(RECORDS TO PROCESS Opens)
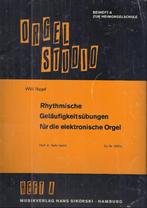 Bo88 bladmuziek orgel studio schrift a, Orgel, Gebruikt, Klassiek, Ophalen of Verzenden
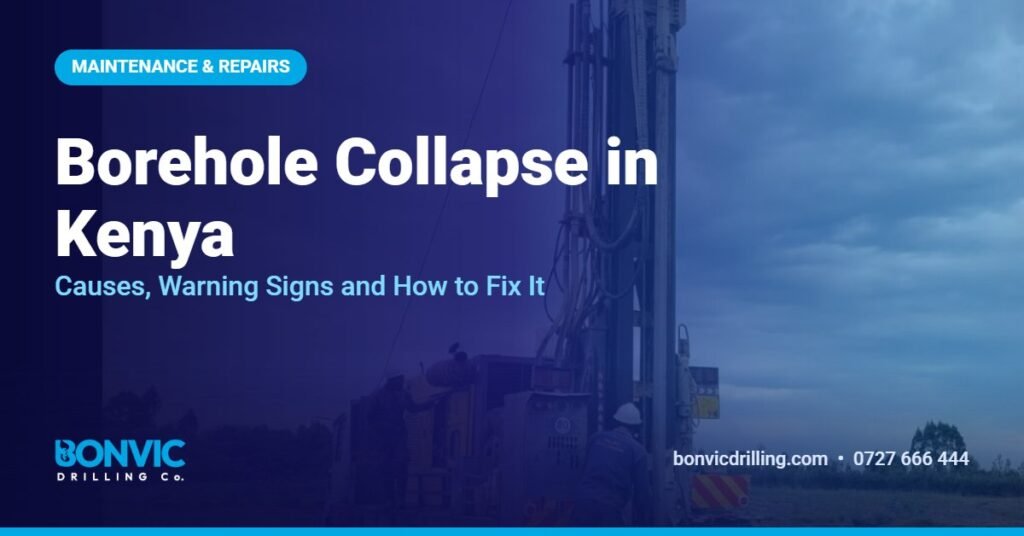 Borehole Collapse in Kenya: Causes, Warning Signs and How to Fix It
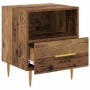 Mesa de Noche Marrón 40 x 35 x 47.5 cm Madera contrachapada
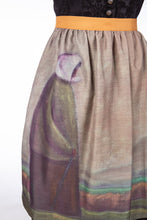 Laden Sie das Bild in den Galerie-Viewer, Motivschürze kurz "Schreitende"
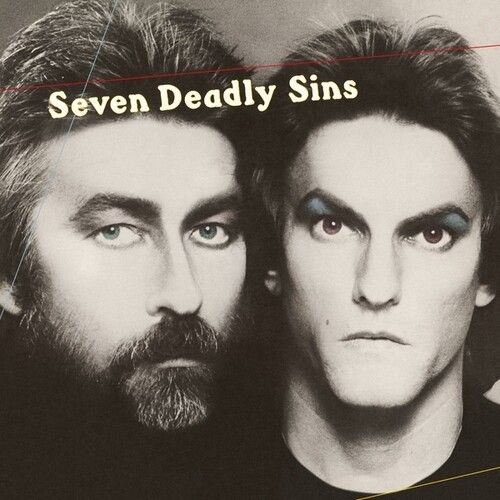 Vinile Rinder & Lewis - Seven Deadly Sins NUOVO SIGILLATO EDIZIONE DEL SUBITO DISPONIBILE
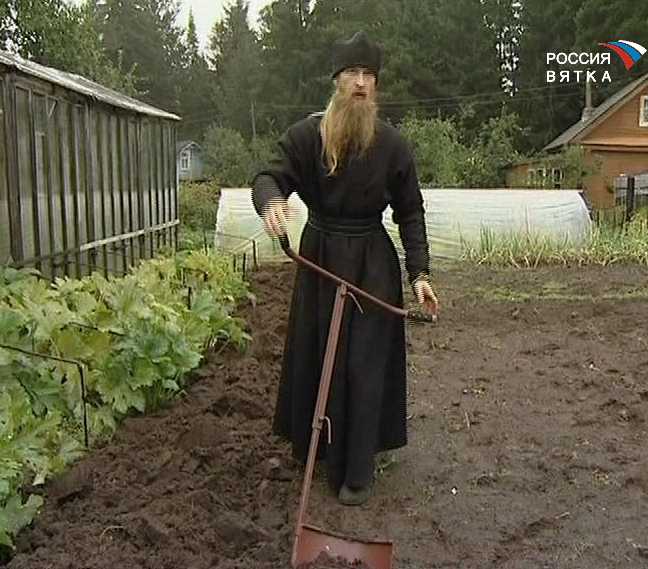 Чудо лопата монаха Чудо лопата монаха
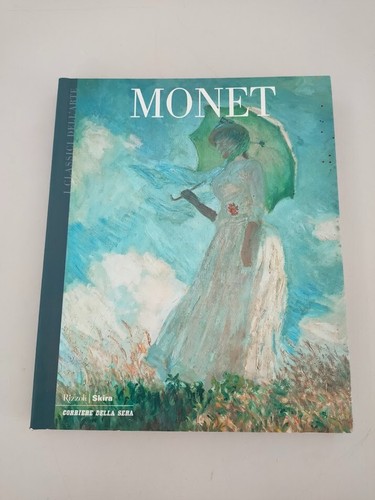 Libro monet corriere della - monet,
(RECORDS TO PROCESS Closes)
Where a record holds a picture, leave the picture out and restate the rest word for word.

 Bo88 bladmuziek orgel studio schrift a, Orgel, Gebruikt, Klassiek, Ophalen of Verzenden
 Borehole Collapse in Kenya: Causes, Warning Signs and How to Fix It
 Mesa de Noche Marrón 40 x 35 x 47.5 cm Madera contrachapada
 Laden Sie das Bild in den Galerie-Viewer, Motivschürze kurz "Schreitende"
 Vinile Rinder & Lewis - Seven Deadly Sins NUOVO SIGILLATO EDIZIONE DEL SUBITO DISPONIBILE
 Чудо лопата монаха Чудо лопата монаха
 Libro monet corriere della - monet,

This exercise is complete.